Brain reserve moderates AD pathology associations with cognitive function in cognitively unimpaired adults

This study utilized a cross-sectional design to analyze baseline data collected from a multisite randomized clinical trial involving 621 participants. The cohort consisted of cognitively unimpaired, physically inactive, community-dwelling adults recruited from 3 US universities. Of the total sample, 355 participants had plasma p-tau-217 and PET for beta-amyloid data available for analysis. The primary exposure was AD pathology, quantified using plasma p-tau-217 and PET imaging for beta-amyloid. The primary outcomes measured were cognitive functions including episodic memory, processing speed, working memory, and executive function/attentional control. Secondary outcomes included brain-predicted age difference (brain-PAD), volumetric AD signature, years of education, and socioeconomic status (SES).

The analysis revealed that brain-PAD significantly moderated the association between AD pathology and cognitive function across all measured domains. Specifically, the negative association between AD pathology and cognitive performance was weakest in individuals exhibiting younger appearing brains. For episodic memory, the effect size (beta) was -0.09 with a 95% confidence interval of -0.16 to -0.02. Processing speed showed a beta of -0.08 with a confidence interval of -0.15 to -0.01. Working memory demonstrated a beta of -0.10 with a confidence interval of -0.18 to -0.03. Executive function/attentional control yielded a beta of -0.08 with a confidence interval of -0.15 to -0.01. In all instances, the direction of the association was negative, indicating that higher AD pathology correlated with lower cognitive function, but this correlation was attenuated by greater brain reserve.

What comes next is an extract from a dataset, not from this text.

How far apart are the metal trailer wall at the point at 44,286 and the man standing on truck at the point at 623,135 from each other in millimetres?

Secondary analyses identified that latent SES score also moderated the relationship between p-tau217 and episodic memory. The effect size for this moderation was beta = 0.08, with a confidence interval of 0.01 to 0.16. The direction of this specific moderation effect was not explicitly reported in the source data. No adverse events, serious adverse events, discontinuations, or specific tolerability data were reported, as the study analyzed baseline data from a trial rather than an intervention arm. Consequently, safety and tolerability findings regarding the exposure or intervention are not applicable to this specific dataset.

These results align with the hypothesis that cognitive and brain reserve strategies can boost resilience against emerging AD pathology. However, the study design precludes direct comparison to prior landmark longitudinal studies regarding disease progression, as this analysis relied solely on cross-sectional baseline data. The cross-sectional nature of the design is a primary methodological limitation, preventing the establishment of causality. The observed associations are correlational; therefore, conclusions regarding the protective effect of brain reserve against pathology accumulation cannot be confirmed without longitudinal data.

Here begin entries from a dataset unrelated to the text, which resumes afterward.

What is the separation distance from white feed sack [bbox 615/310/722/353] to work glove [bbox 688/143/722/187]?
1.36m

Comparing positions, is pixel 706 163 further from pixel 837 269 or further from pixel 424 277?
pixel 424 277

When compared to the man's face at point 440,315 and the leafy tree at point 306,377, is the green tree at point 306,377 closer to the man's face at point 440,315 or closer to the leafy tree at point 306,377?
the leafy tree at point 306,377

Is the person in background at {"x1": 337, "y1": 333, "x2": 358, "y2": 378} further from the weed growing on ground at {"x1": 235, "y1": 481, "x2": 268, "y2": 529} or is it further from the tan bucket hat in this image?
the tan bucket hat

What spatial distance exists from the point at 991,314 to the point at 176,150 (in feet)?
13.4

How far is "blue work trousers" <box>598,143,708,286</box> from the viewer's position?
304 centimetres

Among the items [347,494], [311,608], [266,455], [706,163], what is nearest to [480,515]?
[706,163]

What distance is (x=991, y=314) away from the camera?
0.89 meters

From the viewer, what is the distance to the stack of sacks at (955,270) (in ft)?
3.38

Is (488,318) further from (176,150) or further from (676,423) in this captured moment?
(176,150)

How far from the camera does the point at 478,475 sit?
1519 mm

Key limitations include the cross-sectional design and the lack of longitudinal follow-up to confirm conclusions. Potential biases related to the specific recruitment of physically inactive, community-dwelling adults may limit generalizability to more diverse populations. The study did not report funding sources or conflicts of interest. Given these constraints, the results support the hypothesis but require confirmation through longitudinal studies. Clinicians should interpret these findings as preliminary evidence suggesting that factors contributing to brain reserve may mitigate the cognitive impact of AD pathology, but practice decisions should await further validation.

Several questions remain unanswered. The long-term trajectory of individuals with high AD pathology but high brain reserve remains unknown. It is unclear whether interventions to increase brain reserve can effectively delay cognitive decline in the presence of pathology. The specific mechanisms by which brain-PAD moderates the pathology-cognition link require further investigation. Until longitudinal data are available, the clinical utility of targeting brain reserve to counteract AD pathology in cognitively unimpaired adults remains theoretical.